Barston is a village and civil parish in Metropolitan Borough of Solihull in the West Midlands of England. It is approximately 4.5 miles (7 km) east of Solihull and is located inside a large meander of the River Blythe, at the western edge of the Meriden Gap, and midway between the far larger villages of Balsall Common and Hampton-in-Arden. The nearest large city is Birmingham, 11 miles away to the west. According to the 2001 UK Census, the parish had a population of 499, increasing to 533 at the 2011 Census.
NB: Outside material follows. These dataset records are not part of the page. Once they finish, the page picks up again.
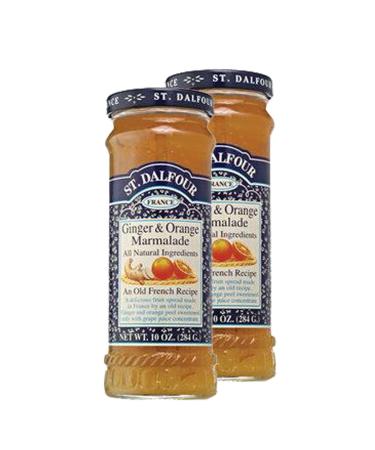 St. Dalfour St.dalfour Ginger & Orange Jam 284 GX 2
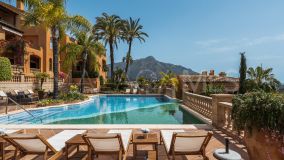 Appartement rez de chaussée for sale in La Cerquilla, Nueva Andalucia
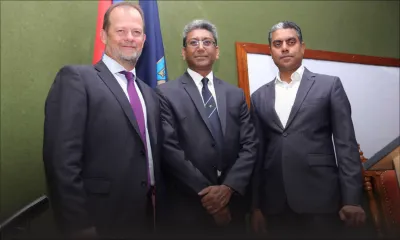 Formation : Harel Mallac accueillera des étudiants de l’UoM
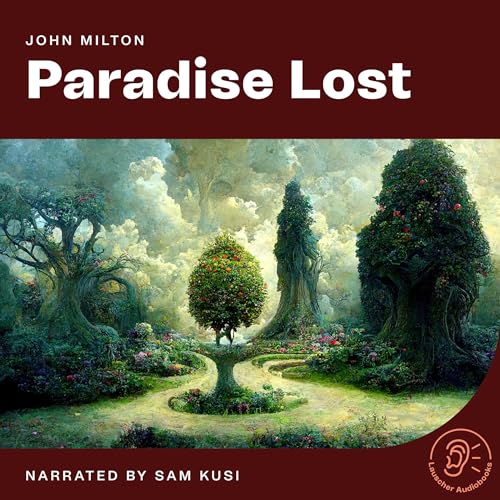 Cover of Paradise Lost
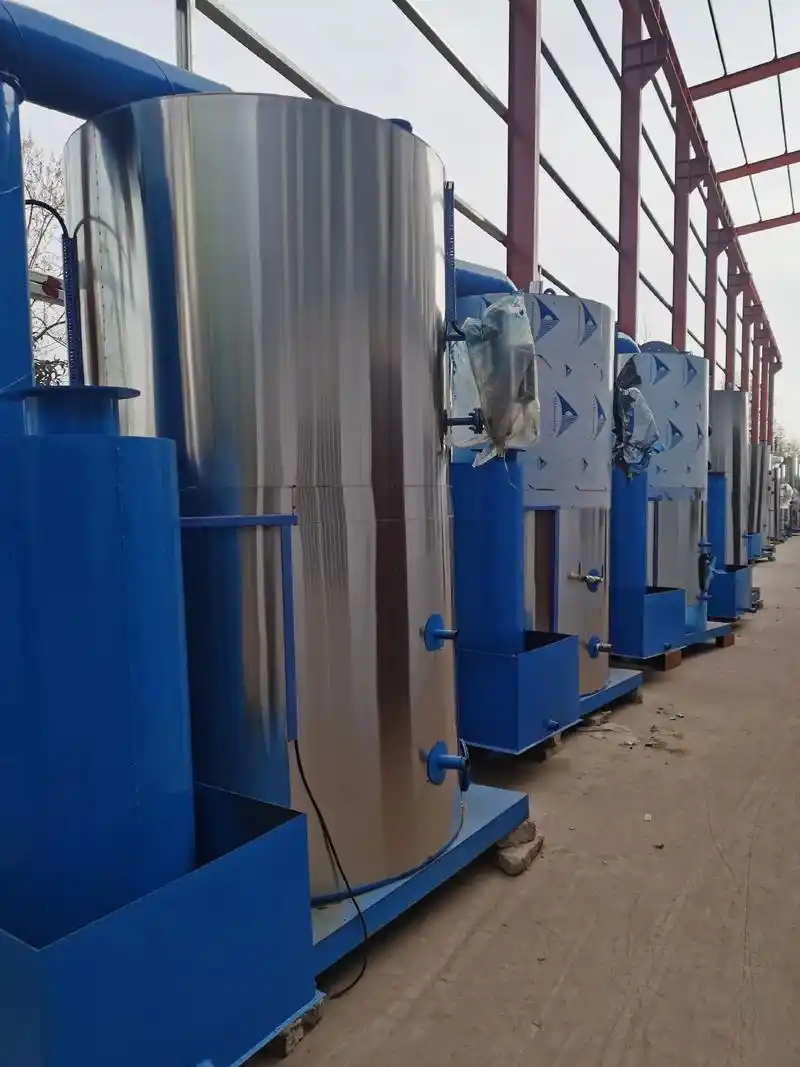 蒸汽發(fā)生器15噸20噸福建龍巖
Barston is a historic village with many historic buildings, some of which are timber-framed. The Church of St. Swithin is a Church of England church which dates from 1721, and is built on the site of an earlier church. The village also possesses two pubs, The Bulls Head and The Malt Shovel, and about 50 residential properties. The Barston Memorial Institute, opposite the Bulls Head, hosts many village activities with a Friday night youth club and regular Art Classes as well as the Barston WI and U3A meetings. There is no bus service or any other form of public transport in the village, although an abandoned bus stop still exists at the end of the central road of Barston, Oak Lane, which is left over from an old-school service from the 1970s and 1980s. Next to the bus stop is an old-fashioned red phone box.

The footballer Robbie Keane owned a house in Barston from 1999 to 2000, whilst playing for Coventry City F.C.